In several later expeditions, we headed farther and farther up the tunnel, only to return to the entrance. Kristin Hofer and Pat Kelley helped to push on up the tunnel. At last, after a three-hour journey, on our last expedition, we reached the far end of the tunnel. At an unknown strip of green in North Minneapolis we ate cookies to celebrate getting past the monster carp, several log jams, the crickets and spiders, sandbars and odd side passages.

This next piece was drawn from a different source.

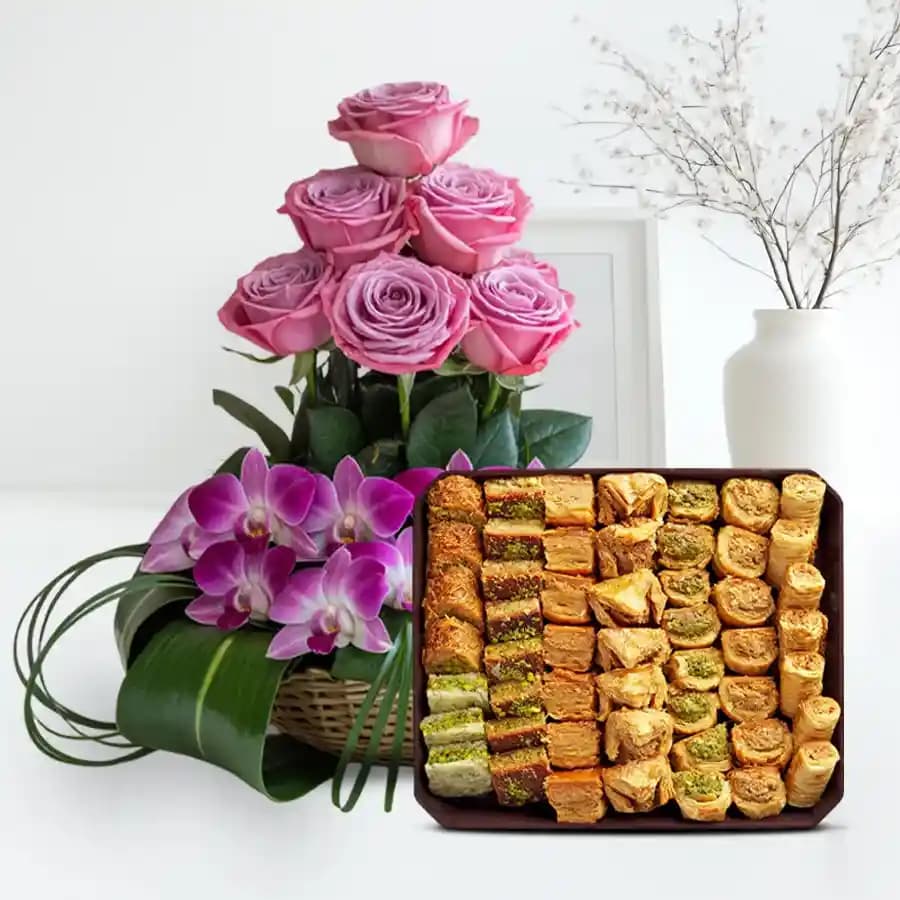 Floral Mix N Sweet Delight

The tunnel was started in the 1910s and completed in the late 1920s. Originally judged on of the most beautiful creeks in the area, Bassett Creek by the 1890s and industrialization of it’s banks was one of the most polluted. In an effort to contain the awful sights and smells of the blighted stream, sections were covered over one by one until the burial was complete. Now forgotten in its seventy-year old tomb, the creek makes little news, unknown by even the people who live and work above it. In the early seventies a small campaign to unearth the creek and turn it into a parkway brought little interest because of its price tag, and sot it is still forgotten.

As sections of the tunnel are quite old, the Army Corps of Engineers has doubts that they will hold up in a heavy flood, so a bypass through downtown is now under construction. It appears that this will be the fate of Basset Creek, to be shut up in a smelly hole forever. Perhaps when the new tunnel is complete and the old one blocked up it will be a boring one too.